Baidu Veteran Joins Nvidia’s Automotive Business Unit

The overall software architecture and regulation of the vehicle-side intelligent driving L2+ business at Baidu, Inc., led by Luo Qi, responsible for vehicle interaction technology, has recently joined the automotive division of NVIDIA as an engineering director. He is in charge of forecasting, planning, and control, reporting to Wu Xinzhou, head of NVIDIA’s automotive department.

Luo Qi joined Baidu in 2016 and worked at Baidu‘s US research institute. In 2022, he was promoted to Senior Chief Software Architect. Before leaving Baidu, he was responsible for the overall software architecture of the vehicle end of L2+, which is the ANP (Apollo Navigation Pilot) business of Baidu‘s Intelligent Driving Group (IDG), including modules such as prediction, planning, control, behavior data recording and annotation, simulation evaluation etc., reporting to Wang Liang, Chief R&D Architect of IDG. His job level before leaving was T9 (Architect level).

Baidu ANP aims at the front-loading mass production L2+ level assisted driving solution, which has been applied in models such as ROBO-01 and Voyah. Before joining Baidu, Luo Qi worked at automation giant Rockwell and American engine company EcoMotors.

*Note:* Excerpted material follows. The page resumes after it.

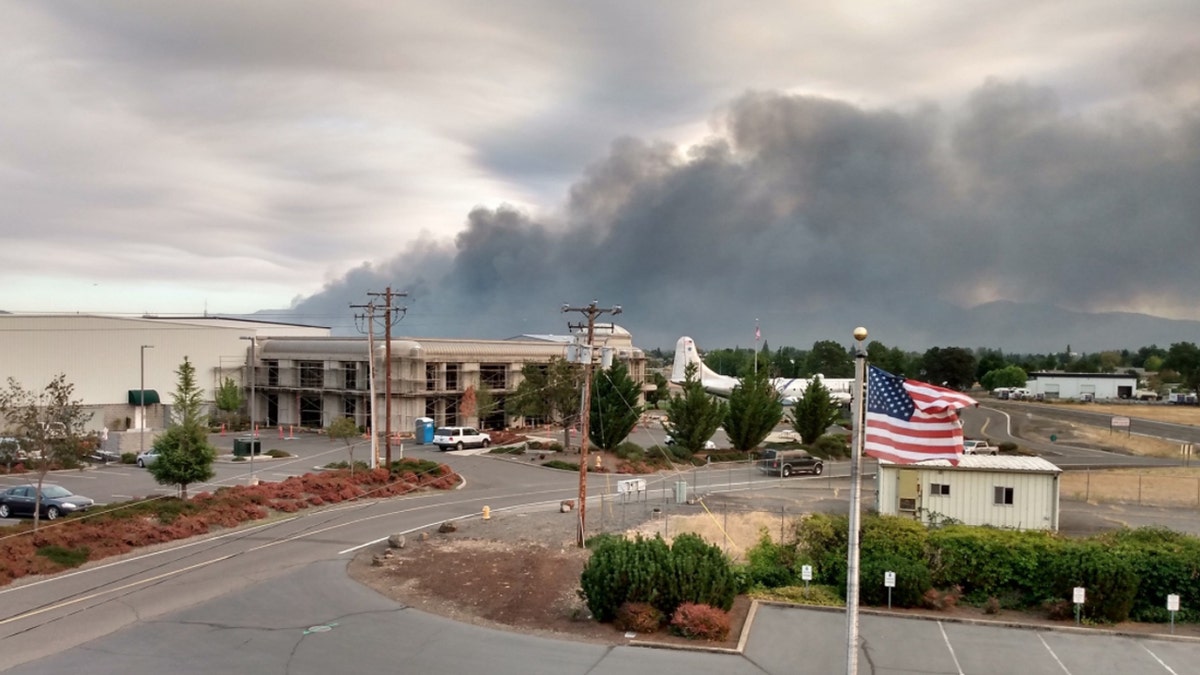 Smoke from wildfires near Medford, Ore. on Tuesday, Sept. 8, 2020.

According to GGII, since August last year, XPeng Motors’ former Vice President of Autonomous Driving, Wu Xinzhou, joined NVIDIA. Dozens of people including Patrick from the original XPeng Motors autonomous driving AI team, Parixit Aghera from the original XPeng Motors North American team’s Engineering VP, Han Feng from the multimodal perception fusion algorithm directorate, and Houman Tavakoli from the software architecture directorate have joined or are about to join NVIDIA’s intelligent driving team. These new talents mainly come from Wu Xinzhou’s former subordinates at XPeng and other domestic smart driving suppliers with mass production experience.

The NVIDIA autonomous driving team is currently distributed in both China and the United States. The autonomous driving research and development team led by Wu Xinzhou in China already has over a hundred engineers.

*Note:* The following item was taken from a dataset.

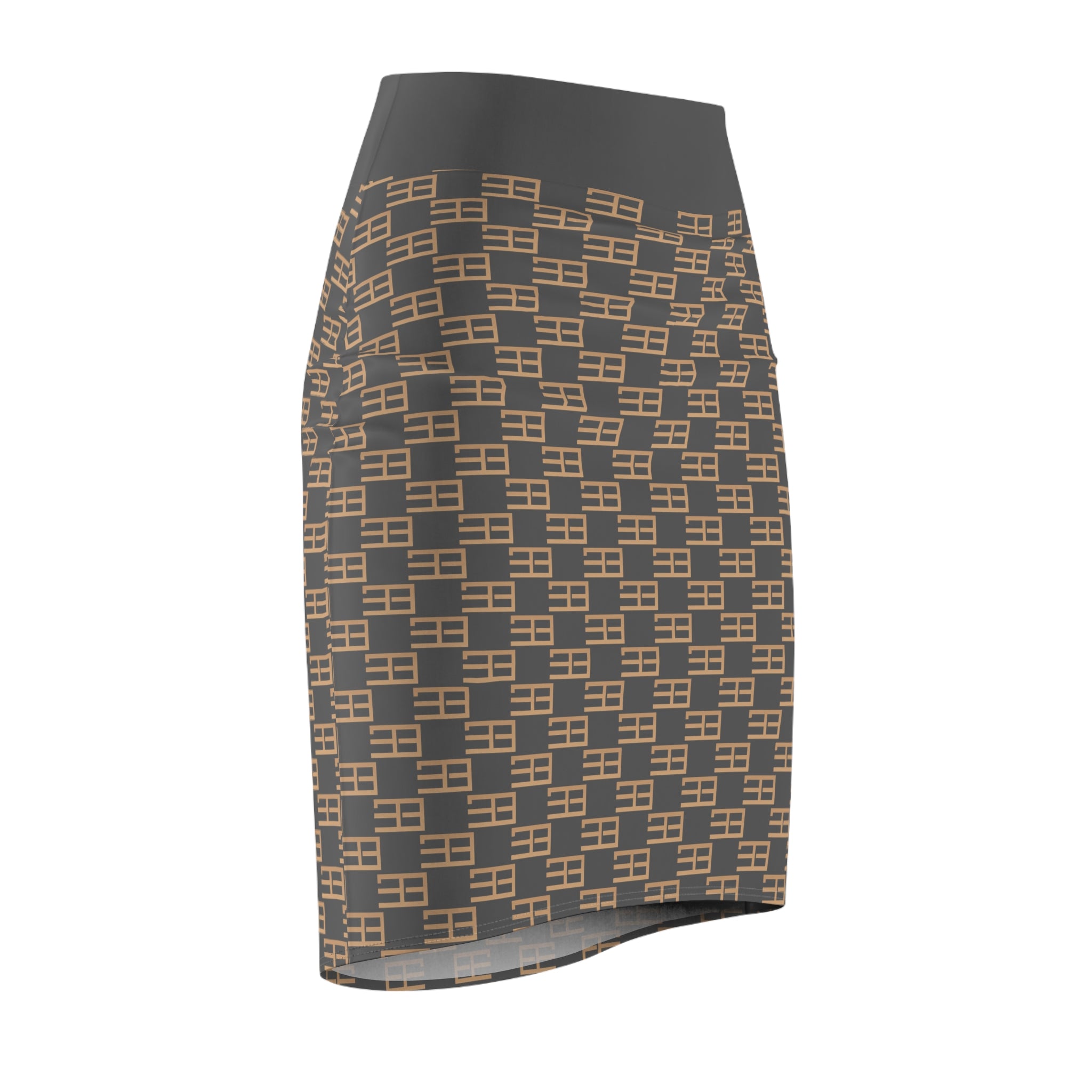 Geometric Checker Pencil Skirt — Neutral Tan & Charcoal All-Over Print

Unlike the strong position of the autonomous driving chip in the industry, NVIDIA’s autonomous driving software solution has faced challenges in development. NVIDIA began exploring autonomous driving solutions in 2015 and reached cooperation intentions with several overseas automotive clients such as Mercedes-Benz and Jaguar Land Rover. However, they have been unable to deliver a complete solution on time, leading Mercedes-Benz to request the introduction of other suppliers at one point.

Wu Xinzhou joined NVIDIA last year as the head of NVIDIA’s automotive business unit and vice president of automotive, signaling the acceleration of NVIDIA’s autonomous driving business.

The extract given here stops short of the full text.